## [SOURCE RECORDS]
────────────────────
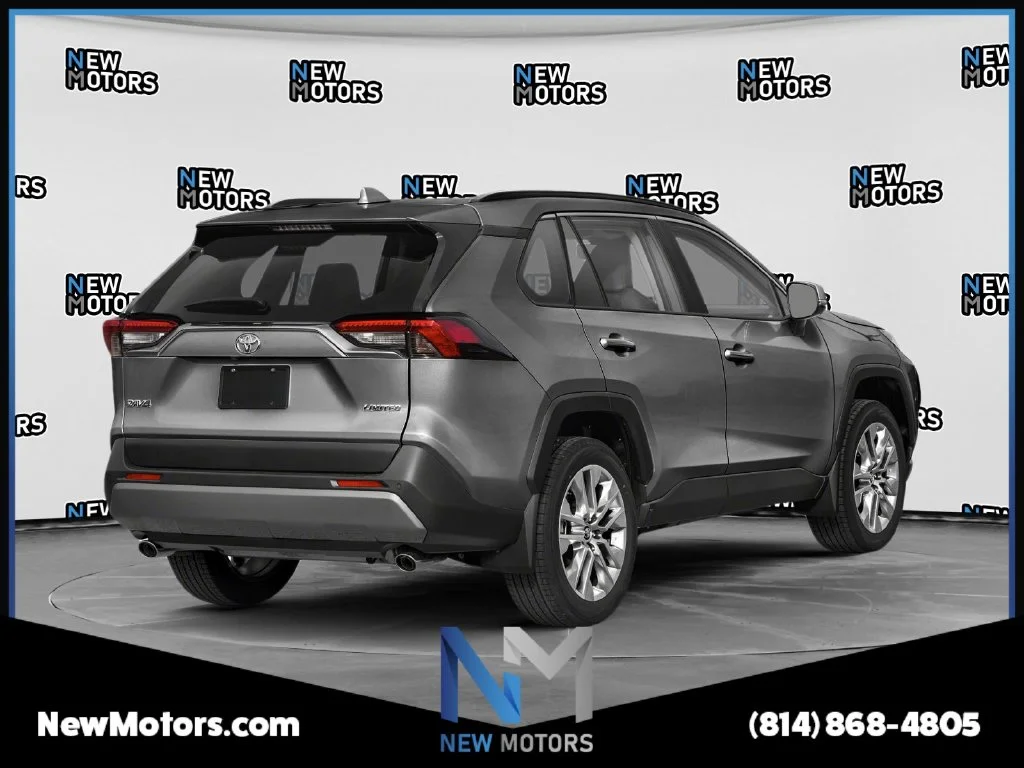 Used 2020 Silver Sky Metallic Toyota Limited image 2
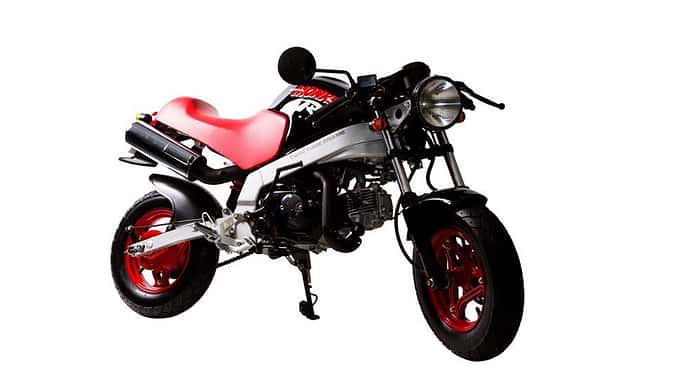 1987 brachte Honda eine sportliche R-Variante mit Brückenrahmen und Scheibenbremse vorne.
────────────────────
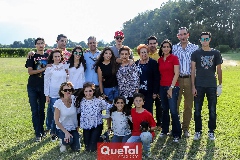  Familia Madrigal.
────────────────────
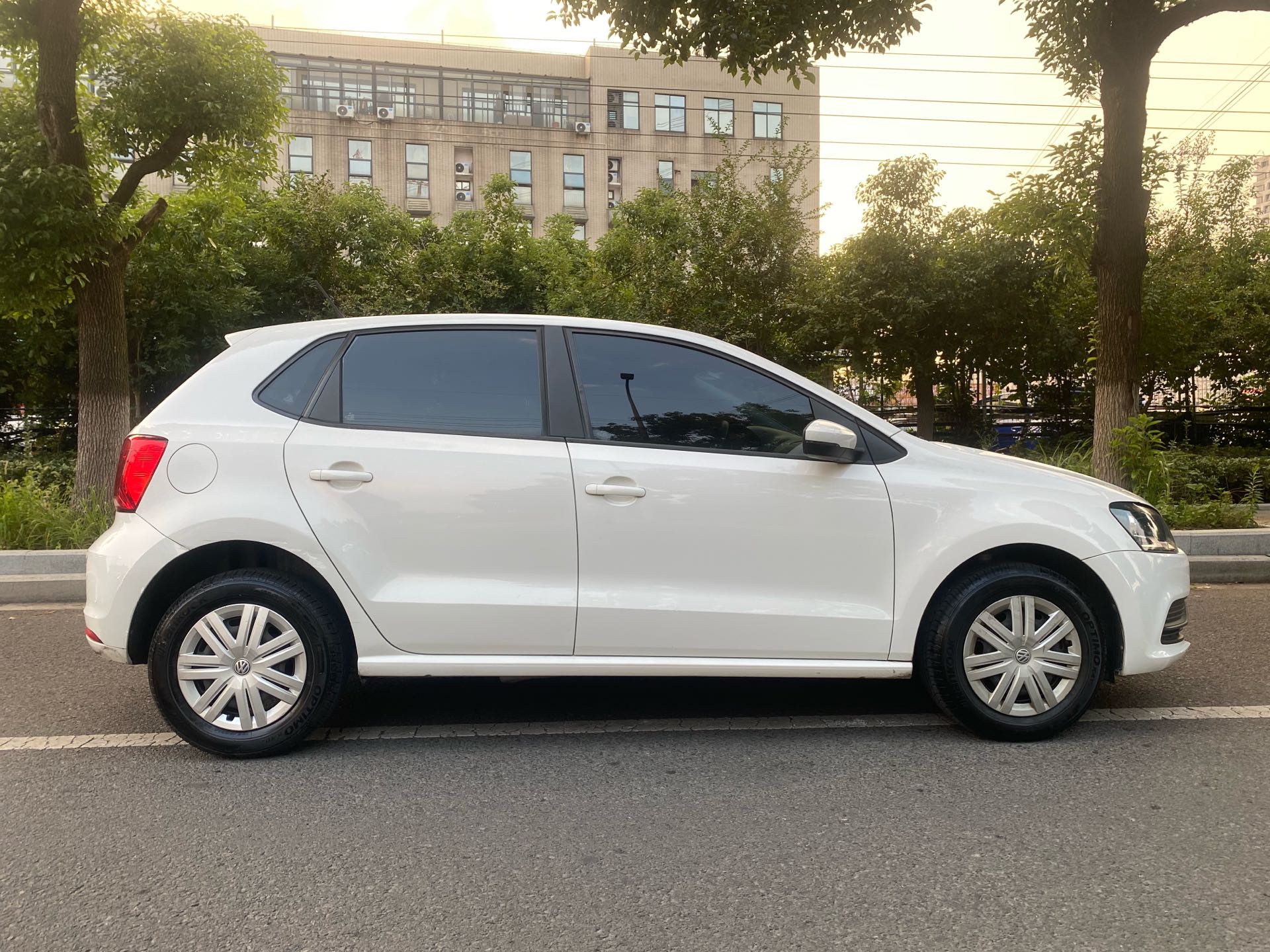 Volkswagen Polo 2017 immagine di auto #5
────────────────────
## [WORK ITEM]
Look above for the line with "Used 2020 Silver" and the line with "1987 brachte Honda". Output those two and everything between them exactly, pictures excluded.

## [RESULT OF THE EXERCISE]
 Used 2020 Silver Sky Metallic Toyota Limited image 2
 1987 brachte Honda eine sportliche R-Variante mit Brückenrahmen und Scheibenbremse vorne.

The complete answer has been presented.